FIG. 5 is a Western blot and relative protein expression profiles of calcification-associated genes (RUNX 2, MSX2, SOX9, BMP2, BMP 4) in the calcified-valve Control group (Con, control) and GLP-1 group (100 pmol/L) in example 4.
Detailed Description
Materials: calcified human aortic valves were taken from 11 patients undergoing valvular replacement and aortic valve leaflets were taken as normal aortic valve samples from 12 transplanted hearts from patients receiving heart grafts. The study protocol was approved by the ethical committee of the seiku hospital, shanghai university of transportation, and written informed consent was obtained from all patients.
Reagents and antibodies: recombinant GLP-1 peptide (human, code SCP 0153), 3' -diaminobenzidine liquid substrate system (code # D3939), alkaline phosphatase diethanolamine activity kit (code AP 0100), alizarin red S (code A5533), masson stain kit (code HT 15) were purchased from Sigma-Aldrich company (MO, USA).
The primary antibody was used to detect GLP-1 (accession number ab22625, abcam, MA, USA) in Immunohistochemistry (IHC) or immunoblot analysis, and the secondary antibody was horseradish peroxidase conjugated anti-rabbit antibody (accession number 7074, cell Signaling Technology, MA, USA) or Alexa Fluor 594 or Alexa Fluor 488 conjugated anti-rabbit antibody (accession number R37119 or accession number A27034, thermo Fisher Scientific, NY, USA), DMEM F12 medium.
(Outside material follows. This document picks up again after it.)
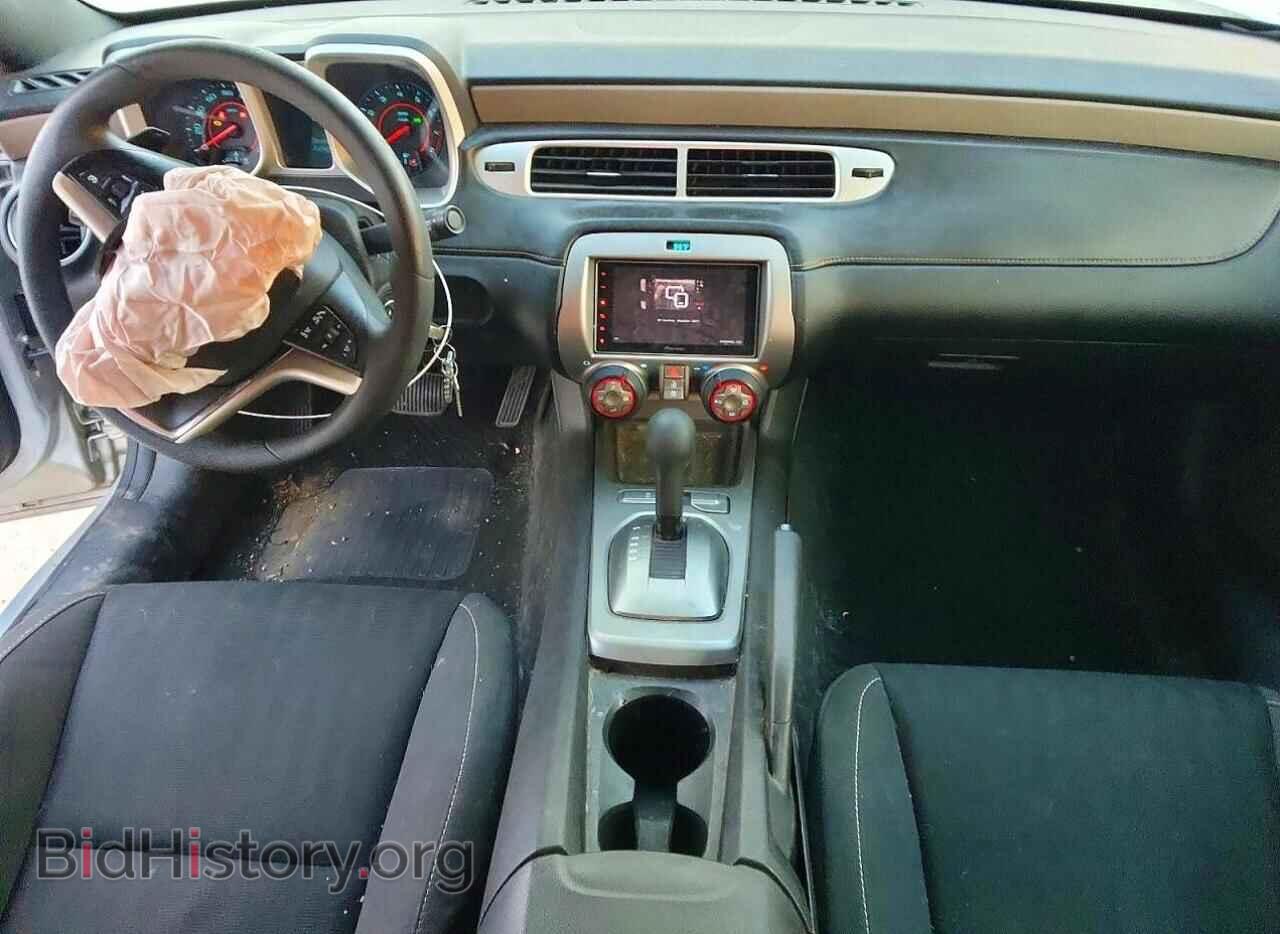 2014 CHEVROLET CAMARO - VIN: 2G1FA1E34E9240593 - Фото 8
GLP-1 concentrations were compared using immunohistochemical analysis for 11 calcified valve tissues and 12 normal valve tissues. The role and the characteristics of GLP-1 in AVICs (aortic valve interstitial cell) calcification and the expression regulation and control characteristics of calcification genes are described.
And (3) data analysis: data analysis was performed using SPSS software (version: 20). All results were tested as a two-sided test, with p <0.05 considered significant. Demographic and clinical characteristics were compared between CAVD and control groups, categorical variables were measured using Fisher's accuracy test, and differences between groups were calculated using two independent sample t-test or Wilcoxon rank sum test. For ALP and ALZ (alizarin red S), repeated measures analysis of variance (ANOVA) was used as a fixed factor to compare the differences between the two groups.
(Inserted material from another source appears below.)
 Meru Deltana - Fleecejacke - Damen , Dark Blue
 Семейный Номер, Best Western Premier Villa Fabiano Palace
Example 1 distribution of GLP-1 in calcified aortic valves
Immunohistochemical analysis methods were as follows:
human calcified aortic valves (CAVD, n = 11) and non-calcified aortic valves (control valves, i.e. normal, non-calcified, n = 12) were used for histological and immunohistochemical analysis. Serial frozen sections (5 μm thick) were made after treatment of the samples with 4% paraformaldehyde overnight. Sections were stained with hematoxylin and eosin (H & E), alizarin Red S (Alzarin Red S), and Masson (Masson) trichrome. The results are shown in fig. 1A, HE staining shows normal leaflets are thin, distinct in layer, no vessel in the valve, and continuous in fibrous layer; the CAVD valve blades thicken collagen fiber hyperplasia, the arrangement is disordered, elastic fibers are broken, the collagen fiber hyperplasia and the arrangement are disordered, some are arranged in a swirl shape, and the center of the fiber hyperplasia has glass-like degeneration. ARS staining shows that (red is positive staining) normal valve tissue is uniform blue and has no positive staining result, CAVD valve tissue has obvious red staining on the whole, and positive staining on calcified parts is more obvious. Masson staining showed that normal valves were arranged in three layers with no apparent collagen fiber proliferation (collagen fibers are blue); the CAVD lesion staining valve has the defects that collagen hyperplasia and arrangement disorder are seen in the non-calcified part, the collagen hyperplasia of the calcified part is serious, the arrangement is more disordered, and inflammatory cell infiltration is seen under endothelium. GLP-1 immunohistochemical staining shows that GLP-1 is uniformly and strongly expressed in normal valves and is obviously reduced in CAVD valve tissues. According to histological analysis, calcified aortic valves show structural thickening, mineralization and reconstruction of the extracellular matrix.
GLP-1 in the valve was detected by immunohistochemistry using the anti-GLP-1 antibody, as shown in FIG. 1A. After incubation with horseradish peroxidase (HRP) conjugated secondary antibody (1. Immunohistochemical analysis showed that GLP-1 was distributed mainly in the enriched and unmineralised areas of the VICs, whether in the non-calcified Control group (Control) or the calcified valve group (CAVD).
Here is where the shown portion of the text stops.